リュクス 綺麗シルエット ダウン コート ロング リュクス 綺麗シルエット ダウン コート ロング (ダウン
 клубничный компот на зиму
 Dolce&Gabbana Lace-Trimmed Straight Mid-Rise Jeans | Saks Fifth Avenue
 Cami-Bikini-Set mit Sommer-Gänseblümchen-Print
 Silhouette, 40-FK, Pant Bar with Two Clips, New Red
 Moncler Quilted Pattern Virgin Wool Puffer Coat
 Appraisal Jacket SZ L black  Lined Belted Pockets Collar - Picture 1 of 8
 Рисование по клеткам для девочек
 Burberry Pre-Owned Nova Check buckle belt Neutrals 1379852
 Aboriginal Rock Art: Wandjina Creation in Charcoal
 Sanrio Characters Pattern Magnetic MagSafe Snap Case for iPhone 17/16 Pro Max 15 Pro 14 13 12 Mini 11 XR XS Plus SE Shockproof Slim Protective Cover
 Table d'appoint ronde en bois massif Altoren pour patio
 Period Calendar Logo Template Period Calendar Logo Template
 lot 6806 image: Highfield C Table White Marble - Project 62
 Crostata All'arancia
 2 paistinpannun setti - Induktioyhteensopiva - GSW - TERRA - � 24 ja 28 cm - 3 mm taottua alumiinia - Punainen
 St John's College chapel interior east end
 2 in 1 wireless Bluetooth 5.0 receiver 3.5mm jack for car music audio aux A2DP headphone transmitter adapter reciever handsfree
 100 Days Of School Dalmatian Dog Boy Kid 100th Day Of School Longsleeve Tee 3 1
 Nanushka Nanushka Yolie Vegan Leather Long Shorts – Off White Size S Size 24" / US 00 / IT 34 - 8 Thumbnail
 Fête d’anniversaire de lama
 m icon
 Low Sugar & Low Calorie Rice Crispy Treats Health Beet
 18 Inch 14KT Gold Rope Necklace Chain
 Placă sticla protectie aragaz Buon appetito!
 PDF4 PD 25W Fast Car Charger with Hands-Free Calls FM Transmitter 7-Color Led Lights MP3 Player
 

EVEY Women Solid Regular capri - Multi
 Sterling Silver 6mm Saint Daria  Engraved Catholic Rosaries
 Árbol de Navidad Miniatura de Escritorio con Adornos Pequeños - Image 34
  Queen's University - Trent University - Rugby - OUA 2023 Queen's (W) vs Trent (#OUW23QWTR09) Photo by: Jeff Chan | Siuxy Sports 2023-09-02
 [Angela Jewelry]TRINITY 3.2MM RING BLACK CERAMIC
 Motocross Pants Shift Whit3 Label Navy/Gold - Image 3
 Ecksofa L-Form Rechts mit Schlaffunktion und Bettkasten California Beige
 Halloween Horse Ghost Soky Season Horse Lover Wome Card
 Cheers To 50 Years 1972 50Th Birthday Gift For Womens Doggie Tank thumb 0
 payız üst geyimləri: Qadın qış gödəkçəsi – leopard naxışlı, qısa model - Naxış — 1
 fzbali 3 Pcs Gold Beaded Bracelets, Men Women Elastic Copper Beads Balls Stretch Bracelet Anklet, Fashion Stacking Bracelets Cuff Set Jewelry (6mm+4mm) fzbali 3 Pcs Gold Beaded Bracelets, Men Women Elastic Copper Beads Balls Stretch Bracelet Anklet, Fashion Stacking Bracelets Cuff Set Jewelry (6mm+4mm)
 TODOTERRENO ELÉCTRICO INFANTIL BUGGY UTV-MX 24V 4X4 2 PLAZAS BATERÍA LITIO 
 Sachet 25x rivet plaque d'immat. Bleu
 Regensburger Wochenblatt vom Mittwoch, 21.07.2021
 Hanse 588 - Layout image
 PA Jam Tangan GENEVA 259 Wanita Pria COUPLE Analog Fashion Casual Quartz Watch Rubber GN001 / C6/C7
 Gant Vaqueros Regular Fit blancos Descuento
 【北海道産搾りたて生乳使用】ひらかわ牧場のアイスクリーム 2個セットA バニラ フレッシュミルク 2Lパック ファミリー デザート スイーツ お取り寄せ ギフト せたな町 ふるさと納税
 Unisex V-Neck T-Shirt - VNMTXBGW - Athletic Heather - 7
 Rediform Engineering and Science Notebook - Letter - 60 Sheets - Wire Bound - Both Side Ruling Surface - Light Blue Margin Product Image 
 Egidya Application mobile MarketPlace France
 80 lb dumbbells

**EXERCISE OBJECTIVE**
Only the lines from the one containing "Fête d’anniversaire de lama" through the one containing "Jewelry (6mm+4mm) fzbali" are to be retyped, both boundary lines included, with no other material.

**EXPECTED ANSWER**
 Fête d’anniversaire de lama
 m icon
 Low Sugar & Low Calorie Rice Crispy Treats Health Beet
 18 Inch 14KT Gold Rope Necklace Chain
 Placă sticla protectie aragaz Buon appetito!
 PDF4 PD 25W Fast Car Charger with Hands-Free Calls FM Transmitter 7-Color Led Lights MP3 Player
 

EVEY Women Solid Regular capri - Multi
 Sterling Silver 6mm Saint Daria  Engraved Catholic Rosaries
 Árbol de Navidad Miniatura de Escritorio con Adornos Pequeños - Image 34
  Queen's University - Trent University - Rugby - OUA 2023 Queen's (W) vs Trent (#OUW23QWTR09) Photo by: Jeff Chan | Siuxy Sports 2023-09-02
 [Angela Jewelry]TRINITY 3.2MM RING BLACK CERAMIC
 Motocross Pants Shift Whit3 Label Navy/Gold - Image 3
 Ecksofa L-Form Rechts mit Schlaffunktion und Bettkasten California Beige
 Halloween Horse Ghost Soky Season Horse Lover Wome Card
 Cheers To 50 Years 1972 50Th Birthday Gift For Womens Doggie Tank thumb 0
 payız üst geyimləri: Qadın qış gödəkçəsi – leopard naxışlı, qısa model - Naxış — 1
 fzbali 3 Pcs Gold Beaded Bracelets, Men Women Elastic Copper Beads Balls Stretch Bracelet Anklet, Fashion Stacking Bracelets Cuff Set Jewelry (6mm+4mm) fzbali 3 Pcs Gold Beaded Bracelets, Men Women Elastic Copper Beads Balls Stretch Bracelet Anklet, Fashion Stacking Bracelets Cuff Set Jewelry (6mm+4mm)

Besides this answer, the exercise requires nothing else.